The train images and those statistics are shown,
- Number of species,
- Graph/Table of number of images/individuals for each species (with Plotly),
- Graph/Table of number of images for each individual (with Plotly).

## [3-1] Loading dataset

In [None]:
# Installs required libraries.
!pip install numpy
!pip install pandas
!pip install matplotlib
!pip install Pillow
!pip install plotly

In [None]:
# Import required libraries.
import numpy as np
import pandas as pd
import matplotlib.pyplot as plt
from PIL import Image, ImageDraw
import plotly.graph_objects as go
from plotly.subplots import make_subplots
#import IPython

In [None]:
# Defines the class to load metadata and images and to process those.
class WhaleAndDolphin():
    def __init__(self, path_to_metadata, path_to_dir_images):
        self._path_to_metadata = path_to_metadata
        self._path_to_dir_images = path_to_dir_images
        self._metadata = pd.read_csv(path_to_metadata)
        
    def getAllSpecies(self):
        return self._metadata["species"].unique()
    
    def sliceMetadata(self, query):
        return self._metadata.query(query).reset_index(drop=True)
    
    def getAllIndividualIDs(self, metadata):
        return metadata["individual_id"].unique()
    
    def showImagesTile(self, metadata, num_cols=4):
        num_rows = len(metadata) // num_cols + 1
        fig = plt.figure(figsize=(6.4 * num_cols, 4.8 * num_rows))
        
        for row in metadata.itertuples():
            ax = fig.add_subplot(num_rows, num_cols, row.Index + 1)
            
            title = self.getTitle(row)
            ax.set_title(title)
            
            image = self.getImage(row)
            plt.imshow(image)
            
        plt.show()
        plt.clf()
        plt.close()
        
    def getTitle(self, metadata_row):
        #return self._title(metadata_row.individual_id, metadata_row.species)
        return metadata_row.image
    
    def getImage(self, metadata_row):
        path_to_image = self._pathToImage(self._path_to_dir_images, \
                                          metadata_row.image)
        return Image.open(path_to_image)
    
    def _title(self, individual_id, species):
        return "%s (%s)" % (individual_id, species)
    
    def _pathToImage(self, path_to_dir_images, file_name):
        return "%s/%s" % (path_to_dir_images, file_name)
    
    def getImageArray(self, metadata_row):
        image_pil = self.getImage(metadata_row)
        return np.array(image_pil)
    
    def showIndividualImagesTile(self, metadata, num_cols=3, \
                                 max_num_individual_images=3, \
                                 max_num_individuals=10):
        individual_ids = self.getAllIndividualIDs(metadata)
        for individual_id in individual_ids[:max_num_individuals]:
            print()
            print("Individual ID : %s" % individual_id)
            metadata_individual = \
                metadata.query("individual_id == @individual_id").reset_index(drop=True)
            self.showImagesTile(
                metadata=metadata_individual[:max_num_individual_images], \
                num_cols=num_cols \
            )

The dataset for train images is loaded.
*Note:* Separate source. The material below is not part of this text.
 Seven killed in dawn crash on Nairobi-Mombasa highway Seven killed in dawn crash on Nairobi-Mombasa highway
The dataset for test images will be loaded later using same class.

In [None]:
# Loads metadata for train images.
path_to_metadata = "%s/train.csv" % path_to_inputs
path_to_dir_images = "%s/train_images" % path_to_inputs

whale_and_dolphin = WhaleAndDolphin(
    path_to_metadata=path_to_metadata,
    path_to_dir_images=path_to_dir_images
)

## [3-2] Statistics of train images

### [3-2-1] Number of species

The number of species and name of species are shown.

In [None]:
# Shows number of species and its names.
all_species = whale_and_dolphin.getAllSpecies()

print("Number of species:")
print(len(all_species))
print()

print("Name of species:")
print(all_species)
print()

### [3-2-2] Number of images/individuals for each species

The graph/table of number of images/unique individuals for each species are shown with Plotly.

In [None]:
# Calculates numbers of images/individuals for each species are calculated.
metadata = {}
stats_species = pd.DataFrame(columns=["num_of_images", "num_of_individuals"], \
                             index=all_species)
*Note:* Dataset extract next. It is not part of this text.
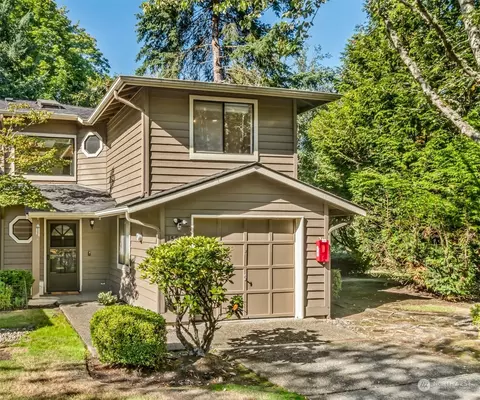 15916 NE 42nd St, Redmond, WA 98052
for species in all_species:
    # Calculates number of images for each species.
    metadata[species] = whale_and_dolphin.sliceMetadata(query="species == @species")
    num_images = len(metadata[species])
    
    # Calculates number of individuals for each species. 
    individual_ids = whale_and_dolphin.getAllIndividualIDs(metadata[species])
    num_individuals = len(individual_ids)
    
    # Appends the result into summary table.
    stats_species.loc[species] = [num_images, num_individuals]
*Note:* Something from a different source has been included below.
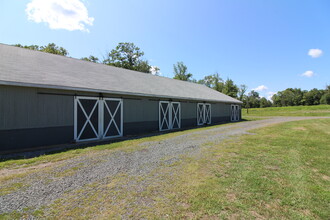 925 County Road 579, Flemington, NJ for lease Building Photo- Image 2 of 2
# Calculates total number of images/individuals and appends the result into summary table.
stats_species.loc["total"] = [stats_species["num_of_images"].sum(), stats_species["num_of_individuals"].sum()]

In [None]:
# Shows the graph of numbers of images/individuals for each species with Plotly.
fig = go.Figure()
for column_name, items in stats_species[:len(stats_species)-1].iteritems():
    trace = go.Bar(x=items.index.tolist(), y=items.tolist(), name=column_name)
    fig.add_trace(trace)
fig.update_layout(yaxis_title="Number of images/individuals for each species")
fig.show()

In [None]:
# Shows the table of numbers of images/individuals for each species.
print("Number of images/individuals for each species:")
stats_species

### [3-2-3] Number of images for each individual

The graph/table of numbers of images for each individuals are shown with Plotly. Total number of individuals is too large to show all images at once, so only the numbers of images for a species "false_killer_whale" is shown as an example. The species can be changed easily by changing the variable "species".

In [None]:
species = "false_killer_whale" # It can be changed to "melon_headed_whale", "humpback_whale", etc.
individual_ids = whale_and_dolphin.getAllIndividualIDs(metadata[species])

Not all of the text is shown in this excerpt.